Just keeping it real, part 9

Right, the topic is still the Commodore 64. This time I want to get more technical and explain how to actually program some things. But first I would like to paint a picture of C64 programming in general.

When the C64 was introduced in 1982, game development was still in its infancy. In fact, the whole concept of home computers was still relatively new. Only a few years earlier, ‘home computing’ consisted of either designing and building a microcomputer yourself (such as the Homebrew Computer Club in Silicon Valley, which is the birthplace of Apple Computers), or ordering a computer in kit-form such as the Altair, or the Apple I, and putting it together yourself. Computers were as much about assembling and modifying hardware as they were about software, in those early days.

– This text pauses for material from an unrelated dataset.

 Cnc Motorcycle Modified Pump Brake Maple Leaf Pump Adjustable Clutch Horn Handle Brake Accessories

When pre-built, off-the-shelf home computers became readily available, this would also draw in a new breed of computer users, who were not necessarily interested in the hardware engineering side, but concentrated entirely on software engineering. Initially, most programs were still quite primitive, and generally written by one person. When it came to games, this meant that a single person would do everything from writing the code to drawing the graphics and doing the music. When you look at early C64 games, it is usually quite obvious that one man made the entire game. The graphics and sound or music are not very sophisticated.

Sound programming

In early C64 games, some primitive sound effects may be the only sound there is. If there is music, it is often an adaptation of a classical piece, or a classic pop song, rather than an own composition. In some cases it is quite obvious that the music was made by a programmer rather than a musician, because the adaptation will contain some off-key notes or bad timing, indicating that the programmer may have been somewhat tonedeaf.

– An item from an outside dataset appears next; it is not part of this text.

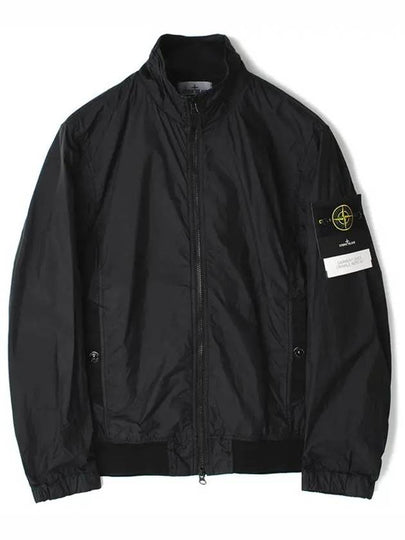 Crinkle Reps Wappen Bomber Jacket Black - STONE ISLAND - BALAAN 2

A classic example of this is the VIC-20 version of Radar Rat Race, with a dodgy note:

Compare to the C64 version:

It seems that the person who did the music in the VIC-20 version was too tonedeaf to hear the problem. The C64 version, which was done later, fixes this.

But things changed for the better. One person who has played,  shall we say, an instrumental role here, is Rob Hubbard. He is somewhat of a legend when it comes to C64 music. He was among the first programmers to specialize in music. He already had a background as a professional session musician before he learnt how to program. In these early days, there were no tools for composing music on a C64 yet, so he had to write his own routines for editing and replaying music on the C64. Since his routines were far more advanced than anything before him, his music also sounded much richer and more mature than anything anyone had ever heard from a C64.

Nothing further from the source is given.